Decibel led Sublime’s funding round, which included Slow Ventures and others. Many notable cybersecurity professionals and founders invested as angels, including Sounil Yu, creator of the Cyber Defense Matrix and DIE Triad, Martin Roesch, creator of Snort and Sourcefire, Jerry Perullo, Lookout founder Kevin Patrick Mahaffey, former Zscaler CISO Michael Sutton, Demisto founders Rishi Bhargava and Slavik Markovich, and Phantom Cyber and Pangea founder Oliver Friedrichs.

Joshua Kamdjou, a former Department of Defense offensive security professional, founded the company with co-founder and former Optimizely and Alto growth head Ian Thiel. Kamdjou joined the DoD while still in high school and worked on and led numerous offensive security initiatives for more than eight years.
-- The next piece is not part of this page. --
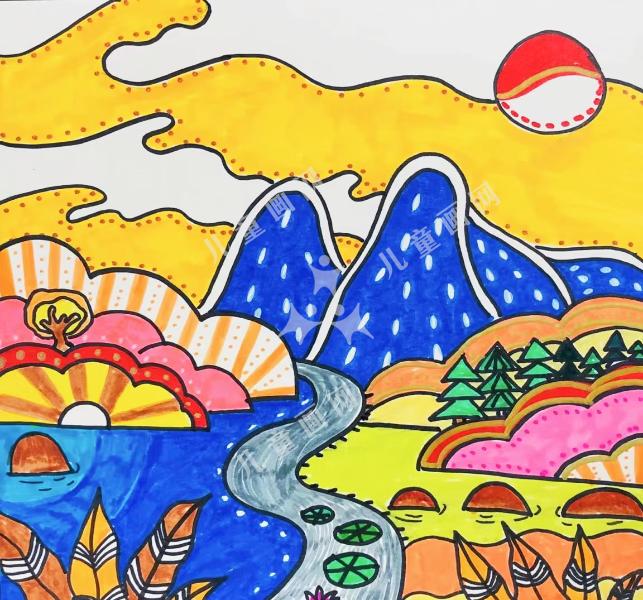 秋天的风景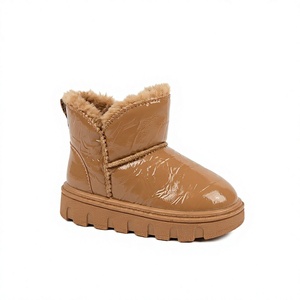 Botas de Nieve para Niños [Tallas US 2-7] Impermeables, Cálidas para Invierno, Forradas de Felpa, Cómodas, Antideslizantes, para Niños y Niñas - Product Image 3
Sublime’s founder and CEO Joshua Kamdjou expressed the need for greater collaboration and control in securing organizations from email-based threats. He explained that while security professionals have effective tools for other areas of security, email security has been lacking. Sublime aims to change that by making it easy for anyone to secure their organization from email-based threats through collaboration and contributions from everyone.

According to the FBI, phishing emails are the most common cybercrime attack method, with the financial fallout increasing from $1.8 billion in 2020 to $2.4 billion in 2021. According to Verizon’s 2022 Data Breach Investigations Report, email remains the most common delivery method for malicious payloads such as ransomware.

Kamdjou wanted to create a product that could stop someone like him, and he realized the key was empowering email security professionals everywhere, from large security teams at well-resourced enterprises to independent researchers and solo defenders, to collaborate and have more control.

Sublime’s innovative platform enables a fully transparent, self-serve solution that leverages the entire community’s wisdom to tackle email threats proactively. According to Dan Nguyen-Huu, a partner at Decibel, this new approach turns the traditional passive approach of email security on its head and allows security leads to collaborate across organizations for mutual defense.